Maja R. told the court she sent the message “without thinking twice” — a brave action for a country with notoriously strict defamation laws.

The pediatric nursing student did, however, apologize to the rapist, telling the court “it didn’t help anyone.”

The man — who was not named by the New Zealand Herald — was one of nine teenage boys convicted of abusing the 15-year-old girl for a number of hours in September 2020.


German flag outside a building.
Germany has notoriously strict defamation laws. Claudiad

Almost all evaded jail time because of German juvenile law, except for one Iranian national who brazenly accepted responsibility for the rape by telling the court: “What man doesn’t want that?”

Maja R.’s sentence was harsher than the rapist she defamed because she had a previous conviction for theft and had not attended the court hearing for the case.

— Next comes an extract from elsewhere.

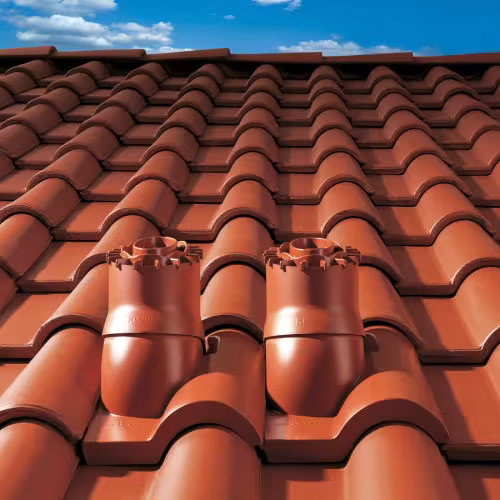 Venduct Be-/Entlüfterrohr kurz DN 110 mit Wetterkappe, Wellengitter von der Marke Klöber aus der Kategorie Steildachdurchgänge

A court spokesperson told local media that Maja R.’s hostility was emblematic of the country’s lingering anger over the rape case, even four years later.

The case had “reached a new, worrying level of intensity,” he said, describing the criticism as “a targeted attack on the rule of law.”

Germany famously has strict defamation laws that criminalize even the mildest of slurs.

Calling someone an “idiot” in Germany can result in a prison sentence of up to two years.